The 600th issue consists of various tales, the main story consisting of 59 pages and focuses on an ailing Doctor Octopus, who after years of receiving continuous beatings from superhero and villain alike, has been left with collective blunt force trauma damage, leaving Otto with a shortened lifespan. In light of this, the ‘good’ doctor decides to make the most of the remainder of his life by ‘making amends’ and leaving the world his legacy – a perfect global utopia. Though the doctor’s heart is in the right place, his methods are questionable and soon enough he has the attention of our friendly neighborhood Spider-Man, The Avengers and The Fantastic 4.
Apart from the central story, there are four ‘Amazing Spider-Man covers you’ll never see‘ which are pretty damn funny (most notably the hippie variant) as well as several short tales including Spidey going to a shrink due to an identity crisis/nervous breakdown whereby he tries to explain all the events in his life ranging from the black symbiotic suit, Green Goblin being dead, only to rise from the grave and even Parker’s transformation into the man-spider. The story harks back to what I said earlier in regards to the Spider-Man series as being incomprehensible with constant reboots and what not (much like the X-Men series; with what seems like fifty million titles), a tangled web indeed (if you’ll excuse the pun) and I think the ‘Identity Crisis’ story pokes fun at the fact that trying to keep track of all the events, changes and story-arcs in the Spidey universe would drive anyone mad.
Spider-Man first appeared in Amazing Fantasy #15 back in 1962, I wonder if Stan Lee ever thought that his creation would still be as popular as it is thirty-seven years later. Three films (4th due 2011), animated shows, action figures and a myriad of other merchandise is testament to Spidey’s popularity.
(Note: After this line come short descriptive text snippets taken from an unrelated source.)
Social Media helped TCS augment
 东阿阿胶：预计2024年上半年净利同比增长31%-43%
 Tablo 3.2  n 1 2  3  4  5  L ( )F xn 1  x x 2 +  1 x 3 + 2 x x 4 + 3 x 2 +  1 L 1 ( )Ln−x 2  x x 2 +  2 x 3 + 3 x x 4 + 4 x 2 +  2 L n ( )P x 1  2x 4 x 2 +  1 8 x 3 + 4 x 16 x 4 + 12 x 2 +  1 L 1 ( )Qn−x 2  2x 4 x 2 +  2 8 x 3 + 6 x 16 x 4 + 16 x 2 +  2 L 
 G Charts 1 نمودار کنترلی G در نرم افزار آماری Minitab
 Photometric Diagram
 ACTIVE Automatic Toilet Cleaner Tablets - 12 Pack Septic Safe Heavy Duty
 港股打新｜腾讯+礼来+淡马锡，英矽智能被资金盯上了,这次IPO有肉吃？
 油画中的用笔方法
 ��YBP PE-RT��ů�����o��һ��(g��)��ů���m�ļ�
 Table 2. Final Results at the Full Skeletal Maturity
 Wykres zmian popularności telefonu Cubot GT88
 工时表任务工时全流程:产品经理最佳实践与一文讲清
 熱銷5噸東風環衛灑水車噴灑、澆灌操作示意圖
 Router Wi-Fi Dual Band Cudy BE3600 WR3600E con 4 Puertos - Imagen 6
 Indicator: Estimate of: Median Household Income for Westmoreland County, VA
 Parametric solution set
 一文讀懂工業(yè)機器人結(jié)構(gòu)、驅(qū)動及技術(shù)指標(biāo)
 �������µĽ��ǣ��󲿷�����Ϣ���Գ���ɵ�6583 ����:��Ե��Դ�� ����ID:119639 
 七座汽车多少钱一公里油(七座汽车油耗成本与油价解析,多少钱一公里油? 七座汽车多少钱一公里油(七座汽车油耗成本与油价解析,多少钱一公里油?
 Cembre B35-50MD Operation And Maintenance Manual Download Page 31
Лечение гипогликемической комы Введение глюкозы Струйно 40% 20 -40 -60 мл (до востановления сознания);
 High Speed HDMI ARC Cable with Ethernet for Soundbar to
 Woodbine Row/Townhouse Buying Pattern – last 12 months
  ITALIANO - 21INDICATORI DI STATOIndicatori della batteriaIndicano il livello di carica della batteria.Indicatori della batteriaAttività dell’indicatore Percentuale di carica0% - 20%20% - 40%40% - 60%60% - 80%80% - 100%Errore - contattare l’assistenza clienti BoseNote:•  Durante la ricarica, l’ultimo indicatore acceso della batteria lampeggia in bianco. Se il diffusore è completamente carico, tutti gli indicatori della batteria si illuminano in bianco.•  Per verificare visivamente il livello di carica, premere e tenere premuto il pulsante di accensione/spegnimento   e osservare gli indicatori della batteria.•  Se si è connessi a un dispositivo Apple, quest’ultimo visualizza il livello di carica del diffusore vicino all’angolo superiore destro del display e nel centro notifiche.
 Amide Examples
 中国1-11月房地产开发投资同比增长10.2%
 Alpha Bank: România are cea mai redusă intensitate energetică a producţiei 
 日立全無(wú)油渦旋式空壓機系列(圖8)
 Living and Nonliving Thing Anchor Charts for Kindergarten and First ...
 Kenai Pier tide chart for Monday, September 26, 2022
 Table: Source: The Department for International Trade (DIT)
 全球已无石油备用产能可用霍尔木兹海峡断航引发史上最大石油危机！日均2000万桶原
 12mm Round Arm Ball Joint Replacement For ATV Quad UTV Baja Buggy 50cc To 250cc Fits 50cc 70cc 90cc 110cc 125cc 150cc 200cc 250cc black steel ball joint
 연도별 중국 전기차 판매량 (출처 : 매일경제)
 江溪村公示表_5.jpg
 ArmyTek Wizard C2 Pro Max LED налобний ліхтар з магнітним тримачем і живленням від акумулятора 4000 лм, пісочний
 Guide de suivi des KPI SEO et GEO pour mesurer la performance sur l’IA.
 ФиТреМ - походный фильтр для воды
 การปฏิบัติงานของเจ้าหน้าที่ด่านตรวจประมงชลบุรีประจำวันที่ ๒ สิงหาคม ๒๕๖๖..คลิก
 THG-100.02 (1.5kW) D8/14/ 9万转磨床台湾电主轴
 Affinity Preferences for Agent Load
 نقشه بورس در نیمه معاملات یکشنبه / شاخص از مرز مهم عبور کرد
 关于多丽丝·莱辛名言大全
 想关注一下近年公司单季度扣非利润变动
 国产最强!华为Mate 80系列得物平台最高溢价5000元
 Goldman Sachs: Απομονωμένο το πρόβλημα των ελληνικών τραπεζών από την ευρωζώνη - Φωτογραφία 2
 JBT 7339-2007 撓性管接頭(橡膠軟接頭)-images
For some reason I assumed issue six hundred would be a self-contained story, sadly it isn’t so the ending kind of left me confused with Mary Jane showing up, which seems to be a big deal judging from Peter and Aunt May’s expressions. Anyway, as most Spider-Man issues, this edition is action-packed and sure to please Spidey fanboys, though Planet of the Symbiotes (circa 1995) is still my favourite Spider-Man arc. The year 1995 was a great one for Marvel what with their Age of Apocalypse series (X-Men) and official distribution of ongoing comic-book titles in South Africa.
If you’ve got five bucks to spare and you’re a Spidey fan, you can’t go wrong with The Amazing Spider-Man #600. In fact, perhaps you should purchase two copies, one to read and another for storage (sure to be valuable in the years to come). On another note, a belated happy birthday to Stan Lee (born 28 December 1922), comic-book pioneer. Excelsior!